DATA EXTRACT -
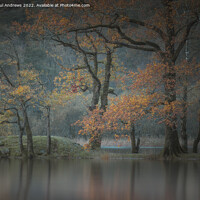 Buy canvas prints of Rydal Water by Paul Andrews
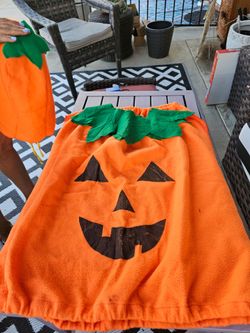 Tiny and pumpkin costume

* * *

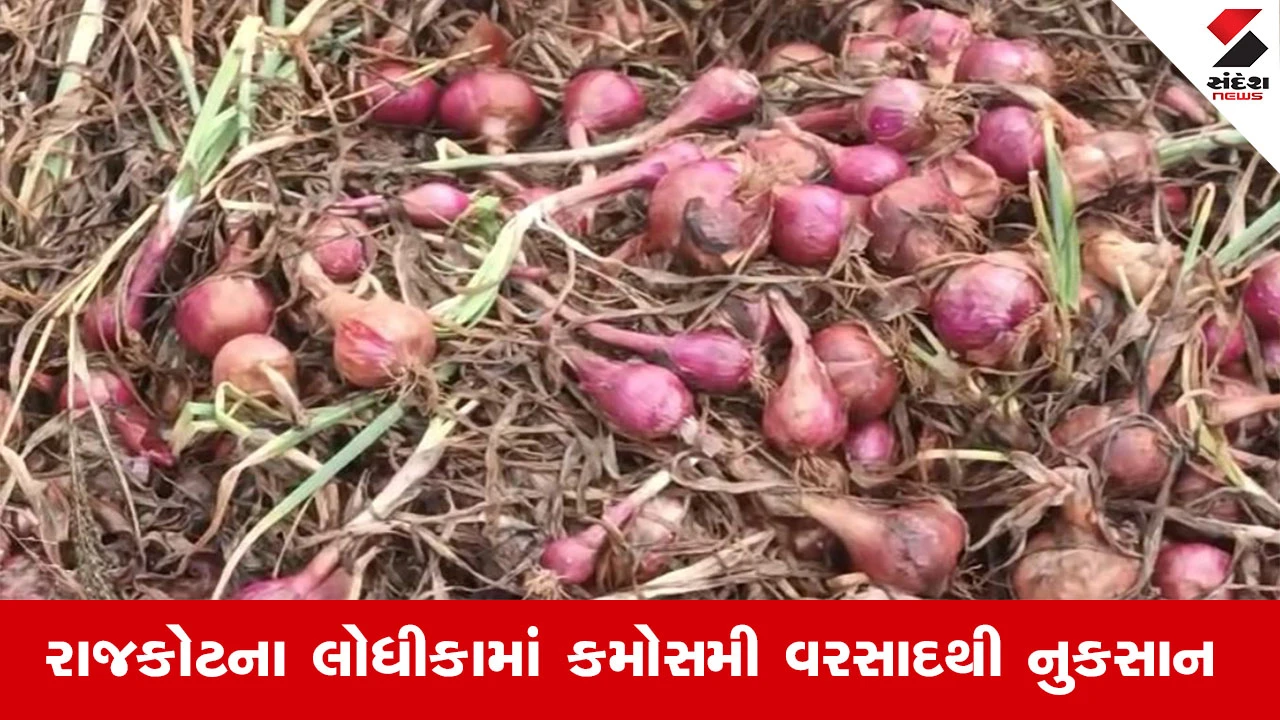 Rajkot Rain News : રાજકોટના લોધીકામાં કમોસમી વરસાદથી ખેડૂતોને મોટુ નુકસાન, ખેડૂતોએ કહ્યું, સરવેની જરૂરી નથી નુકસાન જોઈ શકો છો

---

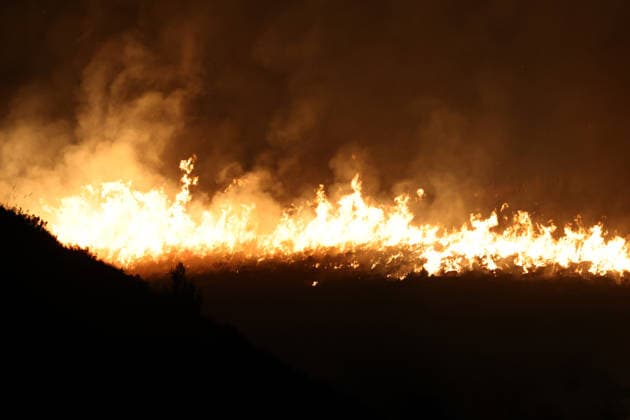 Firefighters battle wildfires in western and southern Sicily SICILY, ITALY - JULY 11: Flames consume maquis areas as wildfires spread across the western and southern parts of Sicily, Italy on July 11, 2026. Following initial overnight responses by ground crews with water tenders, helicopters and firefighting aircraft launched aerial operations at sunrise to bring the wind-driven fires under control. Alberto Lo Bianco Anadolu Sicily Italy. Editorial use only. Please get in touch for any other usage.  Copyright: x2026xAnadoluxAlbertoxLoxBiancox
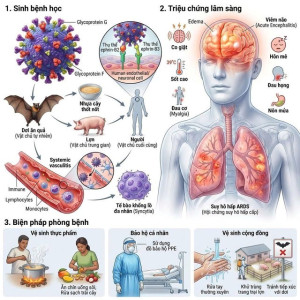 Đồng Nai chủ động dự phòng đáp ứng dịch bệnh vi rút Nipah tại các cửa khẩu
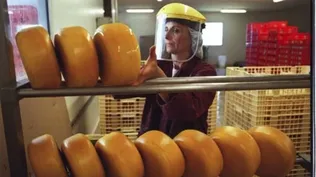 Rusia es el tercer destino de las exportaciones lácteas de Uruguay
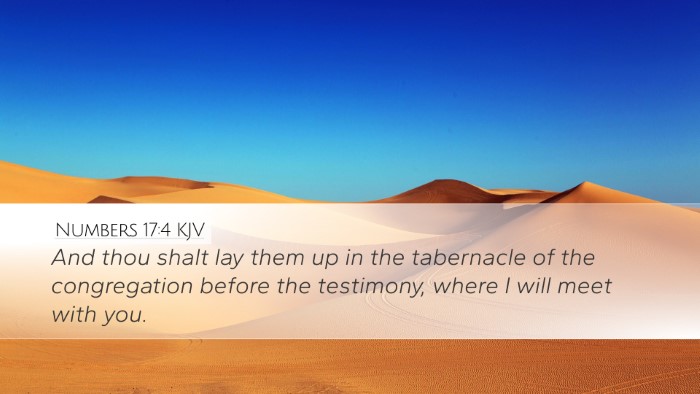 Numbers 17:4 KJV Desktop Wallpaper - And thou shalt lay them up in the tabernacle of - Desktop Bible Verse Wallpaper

REQUIRED WORK - From the records above, transcribe exactly the lines starting at the one containing "Buy canvas prints" and ending at the one containing "Tiny and pumpkin costume". Skip the pictures.

RESULT FOR THIS EXERCISE -
 Buy canvas prints of Rydal Water by Paul Andrews
 Tiny and pumpkin costume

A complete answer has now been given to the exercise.